The real threats for Apple, imho, are successful web companies expanding towards hardware. Apple does great HW and poor online services; someone doing great online services and great HW could hit them badly. Google got close already; Microsoft will try again once they complete their retooling; Amazon are unfocused but could fish a winner with some original thinking; Facebook/Dropbox/others might also challenge at some point. Luckily for Apple, hardware is very difficult to get right and get profitable.




Virtual and augmented reality seem like the endgame for what phones do for us now. Instead of a computer on every desk, or every pocket, it's one in every eye.

I'd rather follow a set of virtual arrows to my destination than have to keep checking my phone. This goes for a lot of tasks I use my phone for. Though the privacy concerns are more worrisome than mobile phones!
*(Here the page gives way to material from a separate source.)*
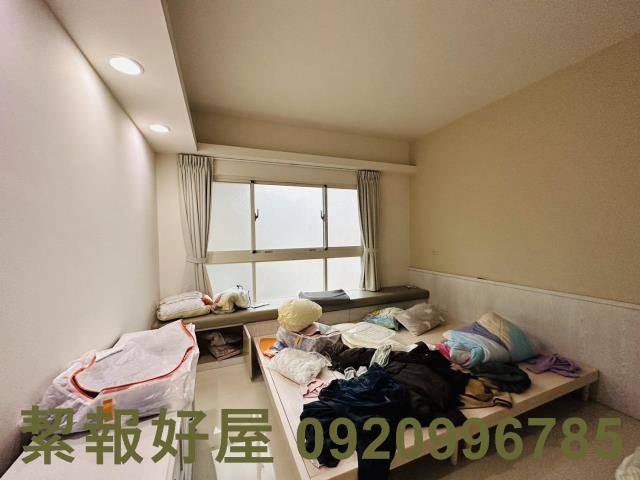 桃園區大樓-6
Vr and augmented are different things. Augmented has potential, but the heavy lifting will likely be done in smartphones for the time being, like it's happening with watches. The smartphone is the perfect "unit of computing" as it is; we will get better interfaces, but the mobile revolution has already happened. Augmented won't be as transformative as smartphones have been.


Amazon Echo could be a huge hit once they incorporate an app store.


Barring an outbreak of hysteria about this device in your home that's basically capable of listening to everything you say....


In contrast to a smartphone?


When it comes to privacy concerns, people can be highly selective. Look at the lack of furore over Google Android compared to Windows 10, for example.


There's no inherent definition of VR that by its very nature means it can't be more impactful than the smartphone.

VR isn't going to be a novelty if people switch to experiencing life primarily in a virtual manner due to the vast expanse it will offer. That includes travel, art, gaming, social, shopping, media.

With today's technology? No. With the technology we'll have in 30 years? Yep. And particularly the technology that will gradually evolve over that time. It'll be far more impressive and useful than the smartphones we have today, in every regard.

If you had told someone in 2003 that billions of people would use their cell phones for so much today, and that people would practically be attached at the hip 24/7 to them, I don't think you'd have been believed - the notion that everyone would have their face buried in large glass screens for hours each day, socializing, shopping, etc.